Re: index prefetching

From: Andres Freund <andres(at)anarazel(dot)de>
To: Tomas Vondra <tomas(at)vondra(dot)me>
Cc: Peter Geoghegan <pg(at)bowt(dot)ie>, Thomas Munro <thomas(dot)munro(at)gmail(dot)com>, Nazir Bilal Yavuz <byavuz81(at)gmail(dot)com>, Robert Haas <robertmhaas(at)gmail(dot)com>, Melanie Plageman <melanieplageman(at)gmail(dot)com>, PostgreSQL Hackers <pgsql-hackers(at)lists(dot)postgresql(dot)org>, Georgios <gkokolatos(at)protonmail(dot)com>, Konstantin Knizhnik <knizhnik(at)garret(dot)ru>, Dilip Kumar <dilipbalaut(at)gmail(dot)com>
Subject: Re: index prefetching
Date: 2025-08-28 16:16:07
Message-ID: onbn3rx35x6k7mfnsmejnebt4nahnii3qnjrac2jzdh3puwo6t@dzjzsx5ppaj7
Views: Whole Thread | Raw Message | Download mbox | Resend email
Thread:
Lists: pgsql-hackers

Hi,

On 2025-08-28 14:45:24 +0200, Tomas Vondra wrote:
> On 8/26/25 17:06, Tomas Vondra wrote:
> I kept thinking about this, and in the end I decided to try to measure
> this IPC overhead. The backend/ioworker communicate by sending signals,
> so I wrote a simple C program that does "signal echo" with two processes
> (one fork). It works like this:
>
> 1) fork a child process
> 2) send a signal to the child
> 3) child notices the signal, sends a response signal back
> 4) after receiving response, go back to (2)

Nice!

I think this might under-estimate the IPC cost a bit, because typically the
parent and child process do not want to run at the same time, probably leading
to them often being scheduled on the same core. Whereas a shollow IO queue
will lead to some concurrent activity, just not enough to hide the IPC
latency... But I don't think this matters in the grand scheme of things.

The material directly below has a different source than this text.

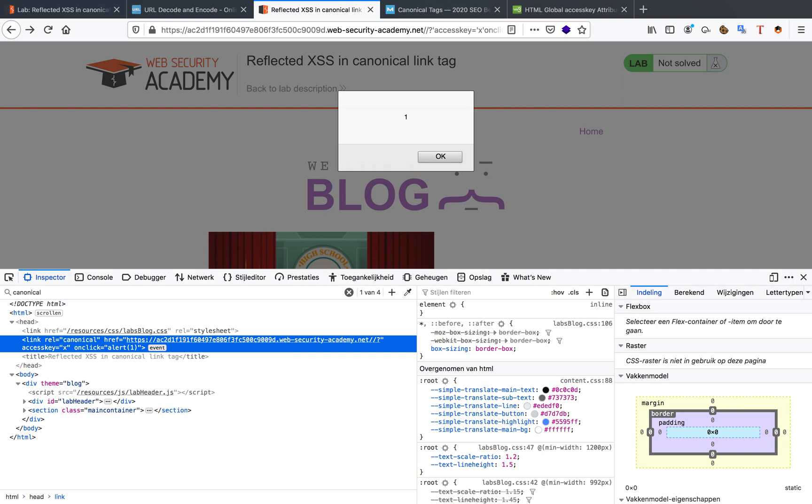So this is a way to abuse canonical tags. Now you know what they mean, what they are. And you can insert an attribute into them called access key. This access key can be triggered by pressing the shortcuts on your keyboard. And when you press those shortcuts, you're going to trigger the onclick event because the access key is just like a click.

> So I think the IPC overhead with "worker" can be quite significant,
> especially for cases with distance=1. I don't think it's a major issue
> for PG18, because seq/bitmap scans are unlikely to collapse the distance
> like this. And with larger distances the cost amortizes. It's much
> bigger issue for the index prefetching, it seems.

I couldn't keep up with all the discussion, but is there actually valid I/O
bound cases (i.e. not ones were we erroneously keep the distance short) where
index scans end can't have a higher distance?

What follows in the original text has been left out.